Water is the lifeblood of western wildlife. Almost always in short supply, wildlife usually exists where surface water is available—springs, seeps, vernal pools, streams, wetlands. Water shortages are a part of the natural cycle, and western wildlife species are often well adapted to dry conditions, whether through physiological mechanisms or behavior. Even extended droughts are a part of the natural cycle.

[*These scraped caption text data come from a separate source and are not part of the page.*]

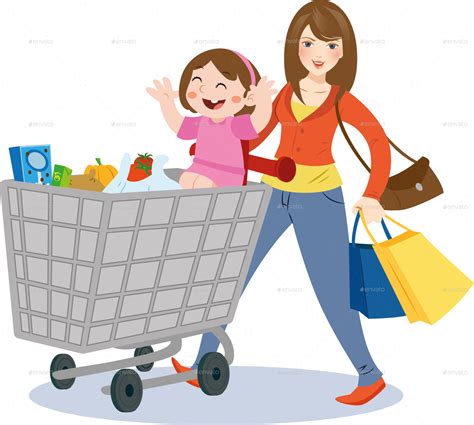 Clipart Mom Grocery Shopping Clipart Mom Grocery Shopping Transparent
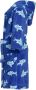 Playshoes fleece badjas Shark met haai dessin blauw lichtblauw All over print 134 140 - Thumbnail 2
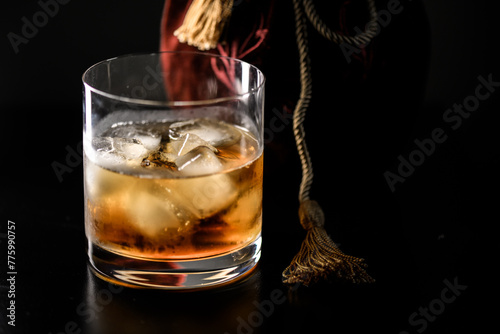 whiskey with ice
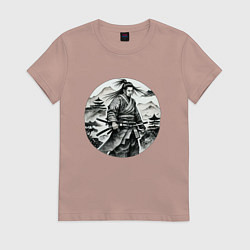 Женская футболка Самурай графика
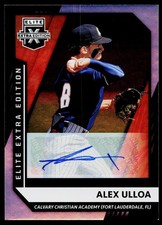 2021 Panini Elite Extra Edition #117 Alex Ulloa Autograph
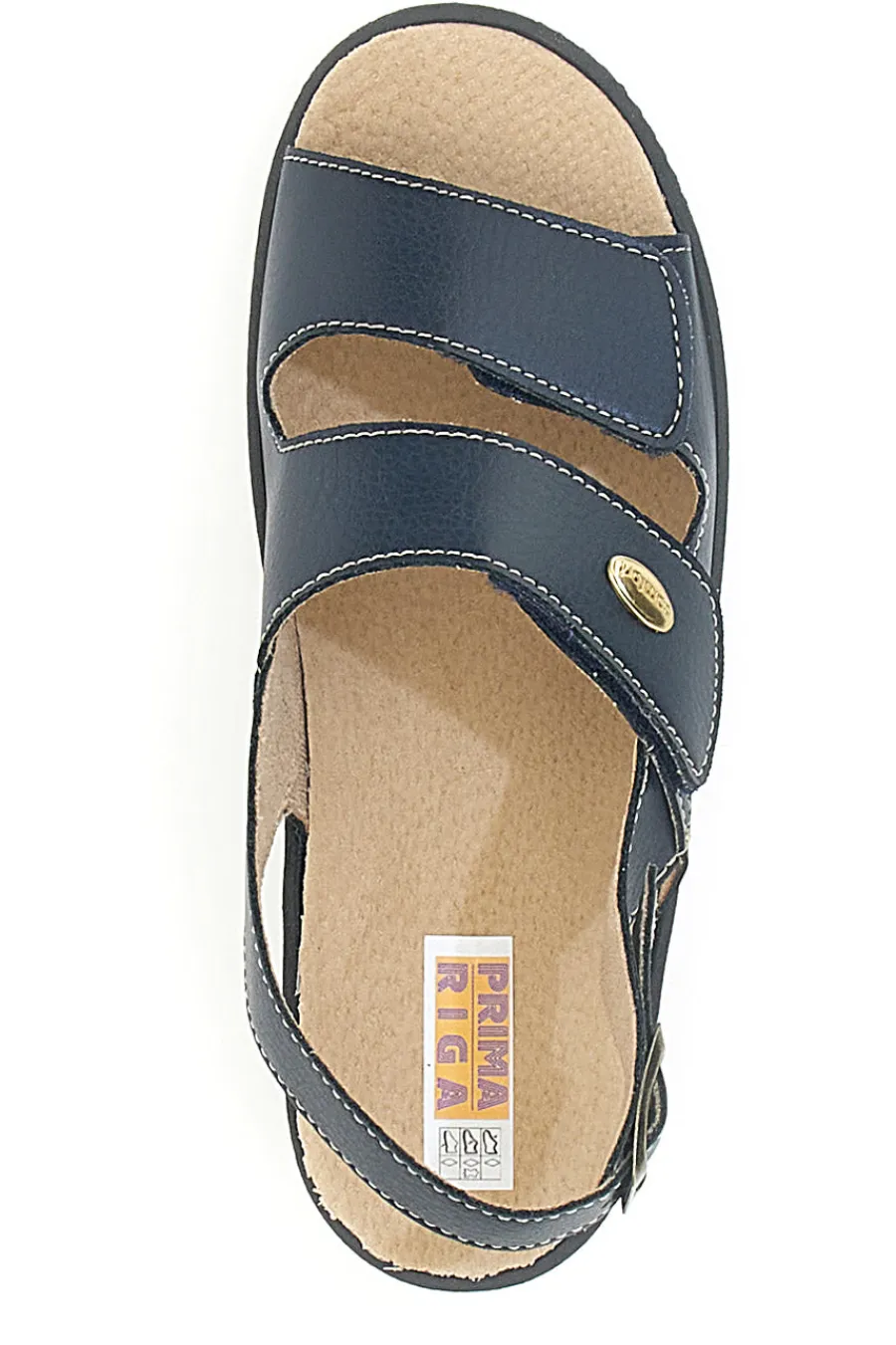 Sandali Blu con Cinturino e Sottopiede in Pelle 182-PRIMA RIGA Hot
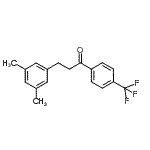 结构式 CAS# 898780-88-6, 3-(3,5-二甲基苯基)-1-[4-(三氟甲基)苯基]-1-丙酮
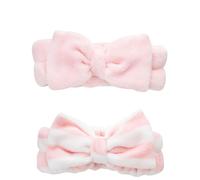 Brushworks Makeup Headbands fascia cosmetica con fiocco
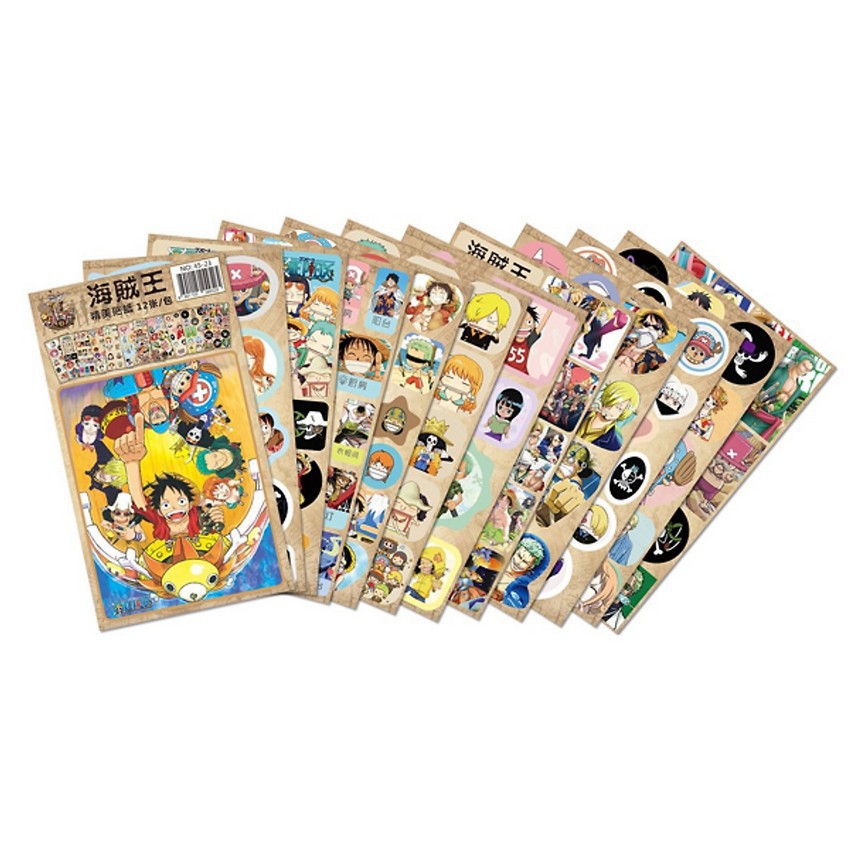 Ảnh dán lẻ tấm sticker One Piece Đảo Hải Tặc album ảnh dán anime quà tặng dễ thương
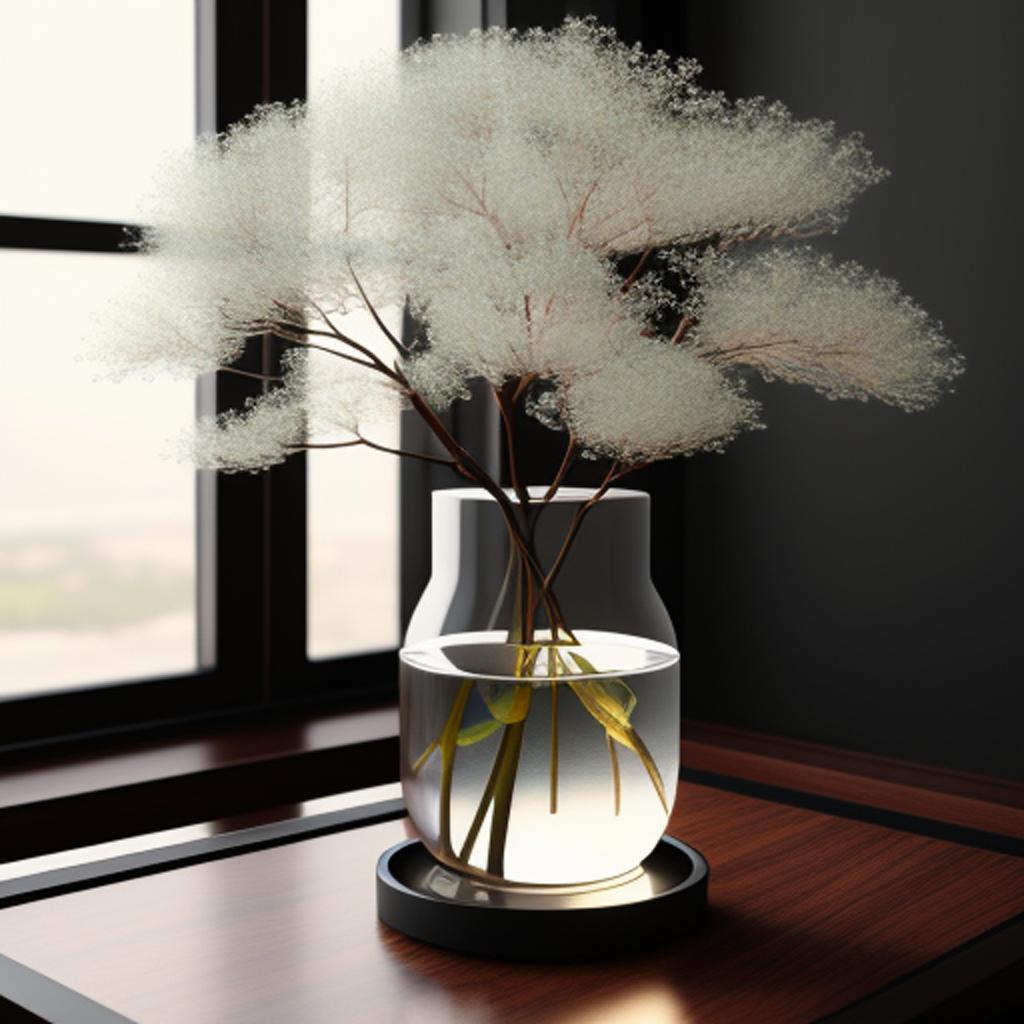 Glass table japanese stlye by @ai_generated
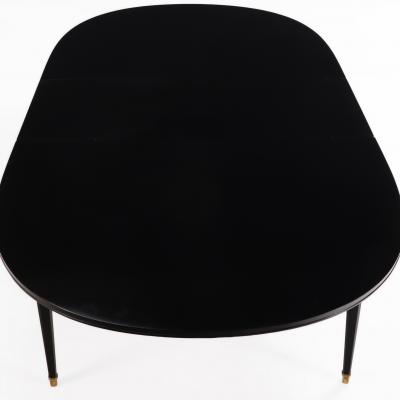 Maison Jansen Ebonized Mahogany Dining Table in the Manner of Maison Jansen C 1940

The West is certainly no stranger to drought. While the 1930s Dust Bowl could be described as the “poster child” for drought in this country, devastating droughts have occurred before and since, notably in the 1950s and late 1980s. The recent droughts in Texas and the Great Plains and the ongoing drought in California highlight an increasing trend of more frequent and more intense droughts in the West. This is due in part to ongoing climate change and increasing climate variability. All signs are that this trend will continue in coming decades in response to increasing air temperatures and changing precipitation patterns. One recent paper modeled potential future drought conditions in the Southwest and Central Plains of western North America and obtained results that pointed to “a remarkably drier future that falls far outside the contemporary experience of natural and human systems in Western North America, conditions that may present a substantial challenge to adaptation” (Cook et al. 2015).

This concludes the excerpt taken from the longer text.